How to find that any anagram of String 1 is sub string of String 2?
Eg :-
String 1 =rove
String 2=stackoverflow
So it will return true as anagram of "rove" is "over" which is sub-string of String 2
On edit: my first answer was quadratic in the worst case. I've tweaked it to be strictly linear:
Here is an approach based on the notion of a sliding window: Create a dictionary keyed by the letters of the first dictionary with frequency counts of the letters for the corresponding values. Think of this as a dictionary of targets which need to be matched by m consecutive letters in the second string, where m is the length of the first string.

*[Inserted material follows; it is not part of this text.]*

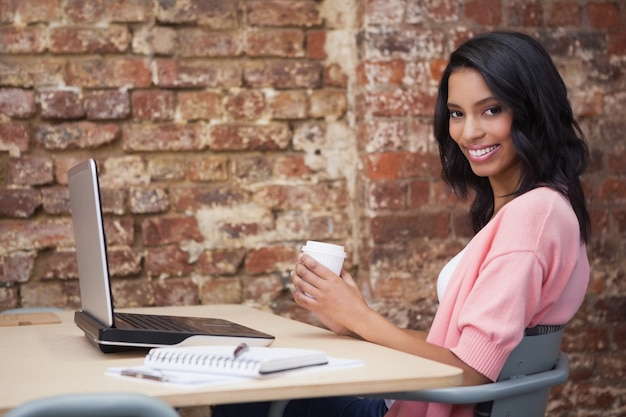 Lächelnde Frau, die Kaffee an ihrem Schreibtisch unter Verwendung des Laptops trinkt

Start by processing the first m letters in the second string. For each such letter if it appears as a key in the target dictionary decrease the corresponding value by 1. The goal is to drive all target values to 0. Define discrepancy to be the sum of the absolute values of the values after processing the first window of m letters.
Repeatedly do the following: check if discrepancy == 0 and return Trueif it does. Otherwise -- take the character m letters ago and check if it is a target key and if so -- increase the value by 1. In this case, this either increases or decreases the discrepancy by 1, adjust accordingly. Then get the next character of the second string and process it as well. Check if it is a key in the dictionary and if so adjust the value and the discrepancy as appropriate.

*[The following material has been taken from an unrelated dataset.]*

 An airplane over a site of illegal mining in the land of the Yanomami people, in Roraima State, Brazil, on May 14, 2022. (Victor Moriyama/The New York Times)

Since there are no nested loop and each pass through the main loop involves just a few dictionary lookups, comparisons, addition and subtractions, the overall algorithm is linear.
A Python 3 implementation (which shows the basic logic of how the window slides and the target counts and discrepancy are adjusted):
def subAnagram(s1,s2):
m = len(s1)
n = len(s2)
if m > n: return false
target = dict.fromkeys(s1,0)
for c in s1: target[c] += 1
#process initial window
for i in range(m):
c = s2[i]
if c in target:
target[c] -= 1
discrepancy = sum(abs(target[c]) for c in target)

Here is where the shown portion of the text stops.